10.2 Global features, which are also called high-level-features, often encode the geometric structure of an element within the data representation structure in relation to its neighbors.
10.3 Contextual features are extracted during the last stage of the processing pipeline. These features aim at being accurately located and having rich semantic information such as object class, bounding box shape and size and the orientation of the object. - Feature extractors that are found in the literatures:
11.1 Point-wise feature extractors : PointNet uses the the entire point cloud as input. It extracts global structures from spatial features of each point within a subset of points in Euclidean space. But due to high memory requirements and computational complexity they are not yet suitable for use in autonomous driving
11.2 Segment-wise feature extractors : The term "segment-wise" refers to the way how the point cloud is divided into spatial clusters (e.g. voxels, pillars or frustums). Once this has been done, a classification model is applied to each point of a segment to extract suitable volumetric features.One of the most-cited representatives of this class of feature extractors is VoxelNet. In a nutshell, the idea of VoxelNet is to encode each voxel via an architecture called "Voxel Feature Extractor (VFE)" and then combine local voxel features using 3D convolutional layers and then transform the point cloud into a high dimensional volumetric representation. Finally, a region proposal network processes the volumetric representation and outputs the actual detection results.link to algorithm
11.3 Convolutional Neural Networks (CNN): In recent years, many of the approaches for image-based object detection have been successfully transferred to point cloud processing. In most cases, the backbone networks used for image-based object detection can be directly used for point clouds as well. In order to balance between detection accuracy and efficiency, the type of backbones can be chosen between deeper and densely connected networks or lightweight variants with few connections. - Detection and Prediction Refinement
Once features have been extracted from the input data, a detection network is needed to generate contextual features (e.g. object class, bounding box) and finally output the model predictions. Depending on the architecture, the detection process can either perform a single-pass or a dual-pass. Based on the detector network architecture, the available types can be broadly organized into two classes, which are dual-stage encoders such as R-CNN, Faster R-CNN or PointRCNN or single-stage encoders such as YOLO or SSD. In general, single-stage encoders are faster than dual-stage encoders, which makes them more suited for real-time applications such as autonomous driving.
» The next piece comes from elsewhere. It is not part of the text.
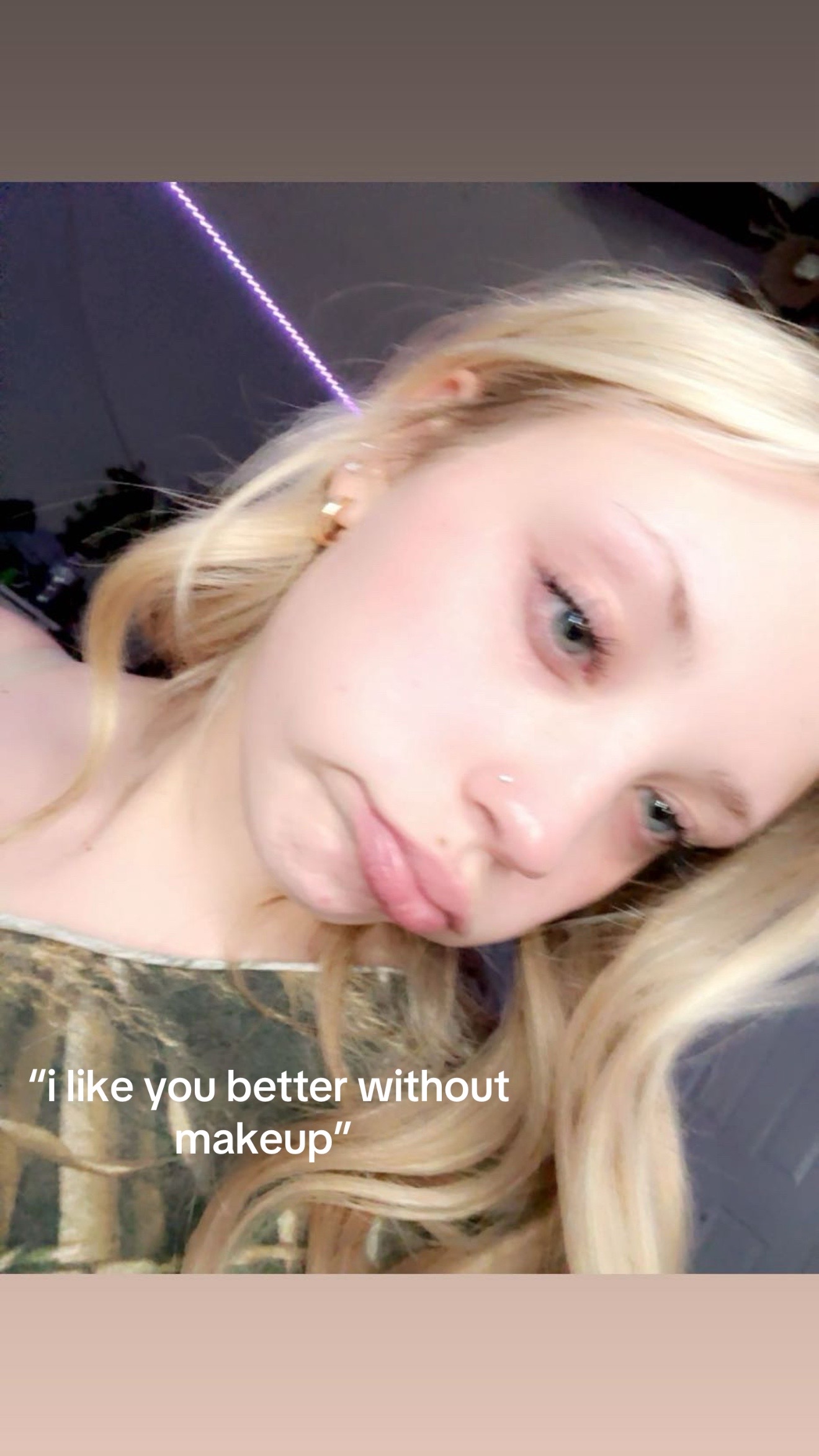 @alexiemichelle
This project uses Complex Yolo and Super Fast and Accurate 3D Object Detection based on 3D LiDAR Point Clouds for real time 3D object detection on point clouds,As can be seen from the following figure, the main pipeline of Complex YOLO consists of three steps:
12.1 Transforming the point cloud into a bird's eye view (BEV)
12.2 Complex YOLO on BEV map
12.3 3D bounding box re-conversion
One of the aspects that makes Complex YOLO special is the extension of the classical Grid RPN approach, which estimates only bounding box location and shape, by an orientation angle, which it encodes as a complex angle in Euler notation (hence the name "E-RPN") such that the orientation may be reconstructed as \mathrm{arctan2}(Im,Re)arctan2(Im,Re).

This project implemented Darknet and Resnet-18 as backbone for feature extraction, and use BEV as data representation, future improvement can be using some other backbone while adding more detectable class.